The first image of the Resurrection as a “snapshot” of an actual event is in Pietro Lorenzetti’s Resurrection of 1320,  followed a few years later by Ugolino di Nerio in his Santa Croce Altar piece of 1324.

                                      

 

Artistically influenced by Giotto, in these paintings Christ continues to be earthbound, his burial cloth hanging from his limbs as he steps up and out of his tomb. The soldiers sleeping at his feet inhabit the same realistic space. This particular scene, being non-scriptural, has been rejected in traditional Orthodox imagery. Yet, Jesus did exit from the tomb, it was an event that happened, and therefore within the canon of Occidental art it is perfectly acceptable.

Between 1300 and 1500, this new version of the  Resurrection continues to be a dominant theme in the artistic oeuvre. Fra Angelico depicts the traditional themes of Resurrection in the developing western style. His Harrowing of Hell is a straightforward and rather uninteresting scene of Christ freeing Adam and others from Hades . 


In Fra Angelico’s Christ Resurrected and the Maries at the Tomb, he includes the figure of Christ in a glorious mandorla hovering above the open sarcophagus.



Piero della Francesca takes Ugolino’s model and gives it new life.  Piero’s figures have a very specific individuality and are set into a precise illusionistic space. 

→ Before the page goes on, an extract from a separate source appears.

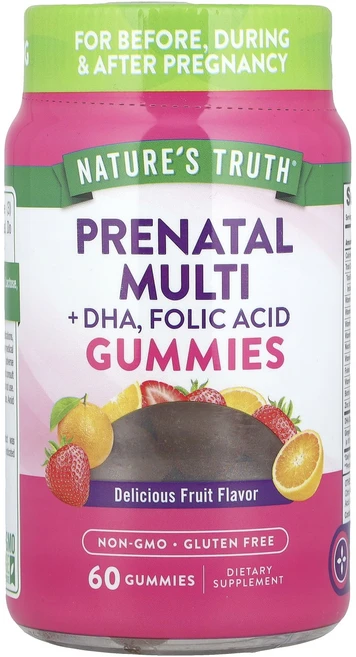 단백질 비타민 철분 마그내슘 칼슘 Nature's Truth 임산부용 종합비타민 DHA 엽산 구미젤리 맛있는 과일 구미젤리 60개 고루고루섭취해주세요, NaturesTruth임산부용종합비타민DHA엽산구미젤리, 1개 - 쿠팡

This depiction of the body of Christ, both strong and tender, exiting from his earthly tomb, becomes the model for Western artists’ depiction of the Lord for the next several hundred years.

Titian 1544

Tintoretto 1579

Cecco da Carravaggio 1619


Noyel Coypel 1700



Carl Bloch 1881

 Tissot 1882


1 comment:

Arimathean said...

The Western-style Resurrection icon was later adapted for Orthodoxy, as in this example:

http://bonovox.squarespace.com/storage/resurrection%20icon.bmp

I find this icon reminiscent of the Ark of the Covenant, upon which the God of Israel was understood to be enthroned "between the cherubim". The angels seated upon the Tomb are like the cherubim on the cover of the Ark, flanking the triumphant Christ.